*YOUR GOAL*:
What are the lines, copied exactly, from the one containing "palmeiras play hd" through the final line of the material? Leave the pictures out.

*DATA PROVIDED*:
⟨
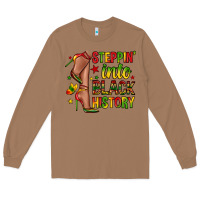 Toasted Coconut steppin into black history Long Sleeve Tee - Zillion Design Studio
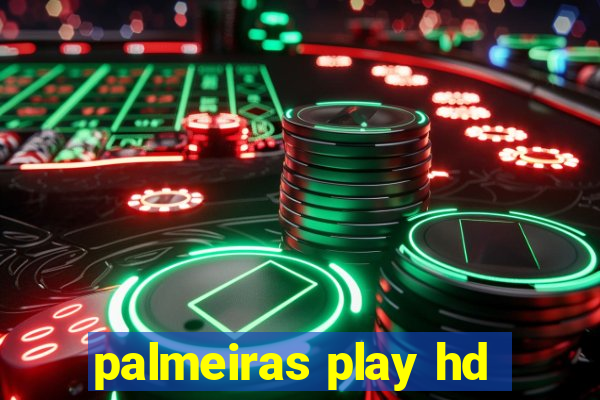 palmeiras play hd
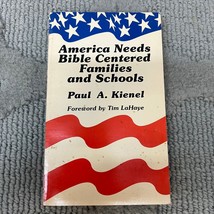 America Needs Bible Centered Families And Schools Paperback Book Paul A. Kienel - £5.06 GBP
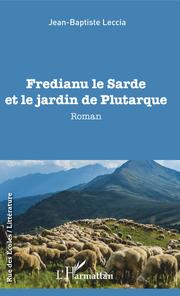 Fredianu le Sarde et le jardin de Plutarque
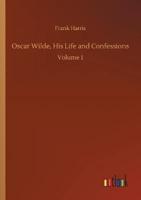 Oscar Wilde, His Life and Confessions:Volume 1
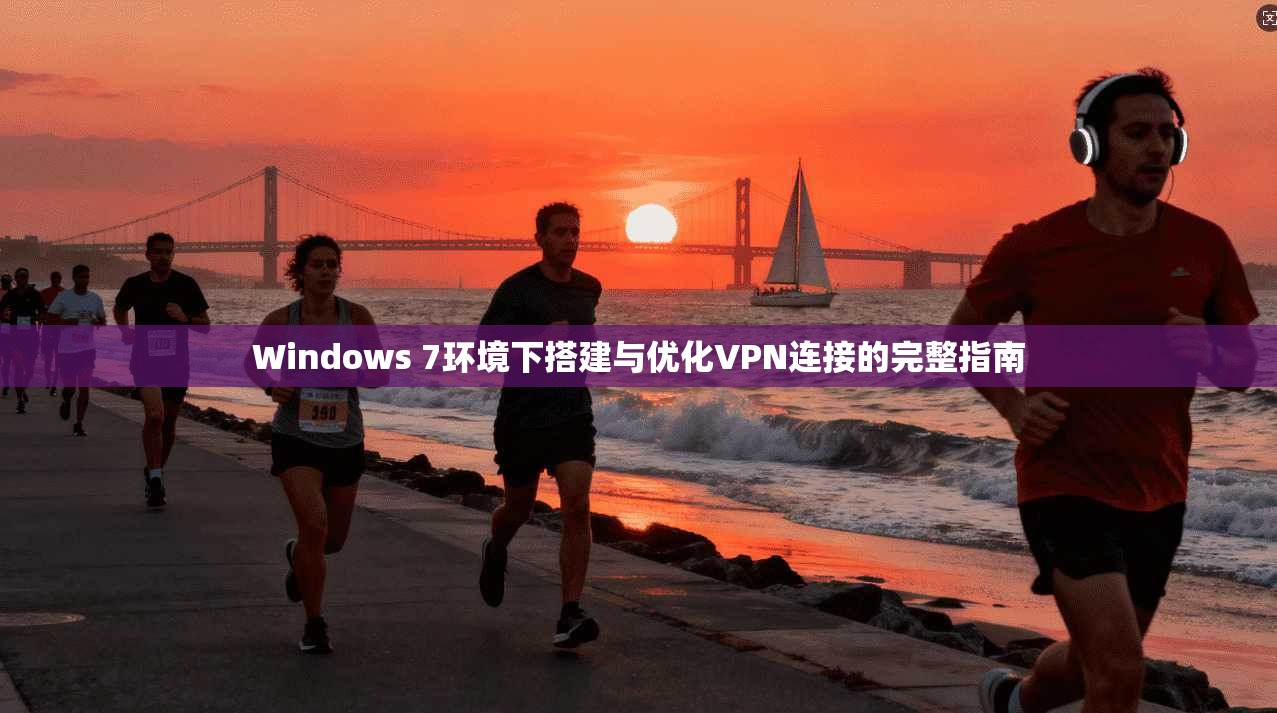 Windows 7环境下搭建与优化VPN连接的完整指南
⟩
*EXPECTED ANSWER*:
 palmeiras play hd
 America Needs Bible Centered Families And Schools Paperback Book Paul A. Kienel - £5.06 GBP
 Fredianu le Sarde et le jardin de Plutarque
 Oscar Wilde, His Life and Confessions:Volume 1
 Windows 7环境下搭建与优化VPN连接的完整指南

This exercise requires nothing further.